Unterhalb des finalen Totalaktes eines Ja oder eines Nein zum Anruf Gottes bleibt die Existenzweise eine gemischte, aus Akten der Sünde und Akten der Liebe bestehend. Unterhalb des Totalaktes bleibt das Sündersein stets ein partielles, die Gabe der Koinonia durch die Gabe des Geistes aber wirkt absolut. Ersteres bezieht sich auf das kontingente Tun des Menschen, letzteres auf Gottes absolutes Wirken. Unterhalb des Totalaktes bleibt die Sünde zeitlicher Art, die Gnade aber besteht hinsichtlich der währenden Gegenwart der Ewigkeit Gottes und ist eschatologisch. Die Sünde ist der Gnade inkommensu­rabel.
Aufgrund der gemischten Existenzweise in der Zeit ist es möglich und auch de facto nicht anders verwirklicht, als dass die zur Eucharistie versammelte Gemeinschaft der Kirche eine Gemeinschaft von Geheiligten darstellt, die zugleich alle auch Sünder sind, wobei das Geheiligtsein das Sündersein unterfasst. »Wo jedoch die Sünde mächtig wurde, da ist die Gnade übergroß geworden« (Röm 5,20).
Auch der Sünder bleibt Christus im Heiligen Geist zugehörig, selbst wenn dies in Konsequenz bedeutet, dass alle übrigen Glieder des Leibes in dieser Hinsicht an diesem einen Glied und an seiner Sünde sowie an deren Auswirkungen mitzuleiden haben. Tatsächlich sind sogar alle Glieder der Kirche Sünder, größere oder kleinere, so dass die Kirche unter den Bedingungen der irdischen Pilgerschaft nicht anders denn als ecclesia permixta existiert: Die Grenze von Heiligkeit und Sünde geht mitten durch die Kirche hindurch, wie auch die Grenze von Heiligkeit und Sünde mitten durch das Herz des Einzelnen verläuft, wobei die konkreten Gestalten und Verständnis­modelle von Heiligkeit und Sünde je nach Epoche durch­aus variieren.
Mag die Sünde noch so groß und schwerwiegend sein – solange sie nicht total ist, kann die Teilhabe an der Eucharistie nicht verunmöglicht sein, weil die Eucharistie tiefer reicht als die Sünde weit. Wie die Taufe unaufheb­bar, Christus- und Kirchengliedschaft ergo unverlierbar sind, so bleibt jedes Glied der Kirche auch auf die Feier der Eucharistie als die innere Mitte im Grundvollzug des kirchlichen Lebens verwiesen. Wer sich zur Feier der Eucharistie versammelt, folgt diesem Ruf Gottes nicht nur in Realisierung der objektiv bestehenden Gnade als ein mit der Fülle des Heiligen Geistes Beschenkter, sondern auch als ein Glaubender, der im Vollzug seines Glaubensaktes auf den Ruf Gottes antwortet und von daher zum Teilnehmen an der Eucharistie überhaupt erst motiviert ist. Ansonsten würde man nicht hinzutreten.

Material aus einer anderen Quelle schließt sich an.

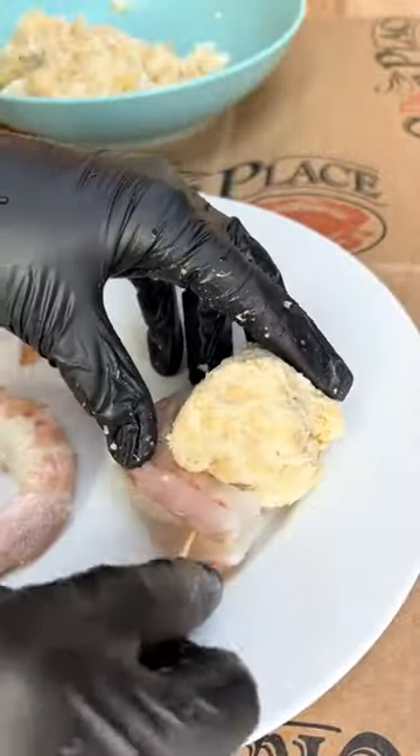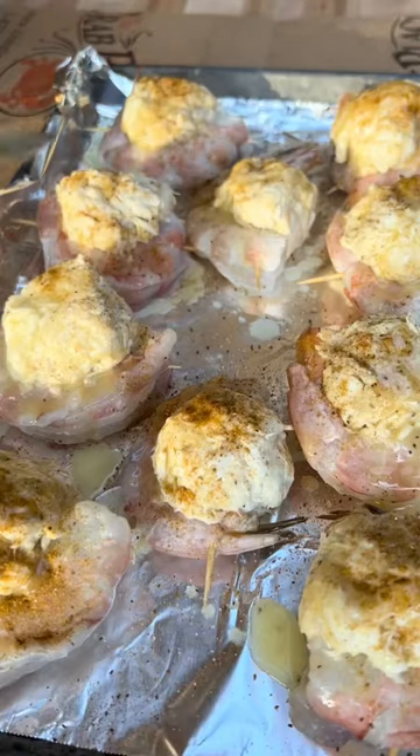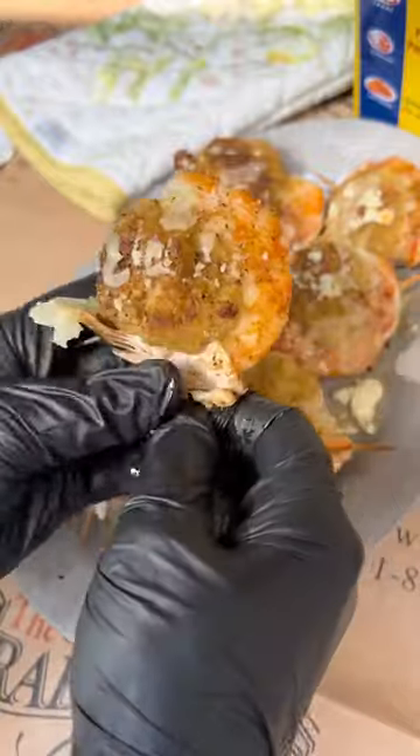Form a mini crab ball and secure it with a skewer. Put it on a sheet pan and sprinkle it with Old Bay and butter, and bake it in the oven at 350 for 15 minutes.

Unterhalb der Todsünde im eigentlichen Sinn, dem Totalakt des finalen Nein, worin der Sünder die Berufung zur Teilhabe am himmlischen Hochzeitsmahl abweist, würde nur derjenige geschichtliche Akt der Sünde, der dem Grundakt der finalen Todsünde direkt korrespondiert, dem Selbstausschluss vom Mahl des Lammes entsprechen, welches realsymbolisch geschichtlich vermittelt ist in der konkreten Versammlung der Kirche zur Feier der Eucha­ristie. Eine derartige Sünde könnte aufgrund des direkten Bezugs zur finalen Todsünde im analogen Sinn als Todsünde bezeichnet werden. Ein solcher Sünder – ein Grenzfall möglicher Sünde überhaupt – würde sich ins Abseits von der eucharistischen Koinonia stellen, wenn er sich unter Aufbietung seiner ganzen Existenz in einem gezielten Akt der Sünde bewusst und frei und total gegen Gott wendet, wenn er die Koinonia – soweit es an ihm liegt – bis an die Grenze des Erlöschens zu bringen und sich von dieser Koinonia loszusagen sucht. Dieser aber wird gerade nicht die eucharistische Koinonia suchen, sich zur Eucharistie versammeln und zum eucharistischen Mahl hinzutreten. Vielmehr wird er davor zurückschrecken, wie sprichwörtlich der Teufel das Weihwasser scheut. Ein solcher Sünder würde die Eucharistie fliehen und nicht suchen. Auch dieser wäre selbst dann noch von Gottes Liebe unterfasst, und würde somit ein Geladener bleiben. Er verliert nicht den Platz am Tisch des Herrn, auf den dieser ihn geladen hat. Der Herr wird ihm nachgehen und auf ihn warten. Wohl aber bliebe dieser Platz aus der Perspektive der irdischen Pilgerschaft wohl bis auf weiteres leer.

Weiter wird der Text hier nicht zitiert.